Find and use 3rd party modules.
Save and Share your modules installed in a docker container.
work with markdown documents.
Work with the module BeautifullSoup for webscrabing.
Materials
Exercises
Docker
Ex 1: Clone, build and run
Clone this repository:
$ git clone https://github.com/python-elective-kea/clbo-alpine-dev-env.git
CD into clbo-alpine-dev-env
$ cd clbo-alpine-dev-env
Build an Image based on the repositorys Dockerfile.
$ docker build --tag test/python .
Run a container based on this image
$ docker run -it --rm -v ${PWD}:/docs test/python
Ex 2: Node app and docker
In this exercise you are not going to code in python. The programming language used is Javascript, and the application is a Node.js application.
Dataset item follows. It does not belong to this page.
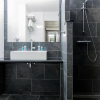 Отель Bastion Hotel Bussum Hilversum, фото 8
However, the purpouse of the exercise is not the language but it is to use Docker to run an application.
Ex 3: Create and run a ‘Hello world’ C application
Based on this docker image: https://hub.docker.com/_/gcc create and run a Hello World app, written i the C language.
The code you need is something like this:
#include <stdio.h>
int main() {
// printf() displays the string inside quotation
printf("Hello, World!");
return 0;
}
Note
Ex 4: Docker’ise’ your own projects
This exercise should be done in groups.
You should create a project that makes use of the requests module.
You should push this project to a github account and all in the group should have push rights to this repository.
The project should contain a Dockerfile that has a
pip install -r requirements.txt
line in it.All group members should clone the repository, build the image based on the Dockerfile, and run a container with the right modules installed.
When this setup is up and running each group member should:
install a new 3rd. party module in the container. (look at pypi.org)
Create some simple (maybe even stupid) code that makes use of this module
do a
pip freeze > requirements.txt
Push the changes to github
Pull the other group members changes and do a
docker build --tag nameoftheimage:latest .
Warning
It might be a good idea that each group member does this one at a time.
Python
Ex 5: Build a Web Scraper With Python
Find all relevant python jobs on this website: jobnet.dk or jobindex.dk
Ex 6: Simple scraber with requests (and BS)
Do the Ex 7: Simple scraber with requests exercise from last week but now also by using the BeautifullSoup module.
Ex 7: From Html to Markdown
Get the html of this page , and change it from a html page to a Markdown page.
You can read a bit about markdown here
Note
This should of cause be done “automatically” by a python application that you create for the purpouse.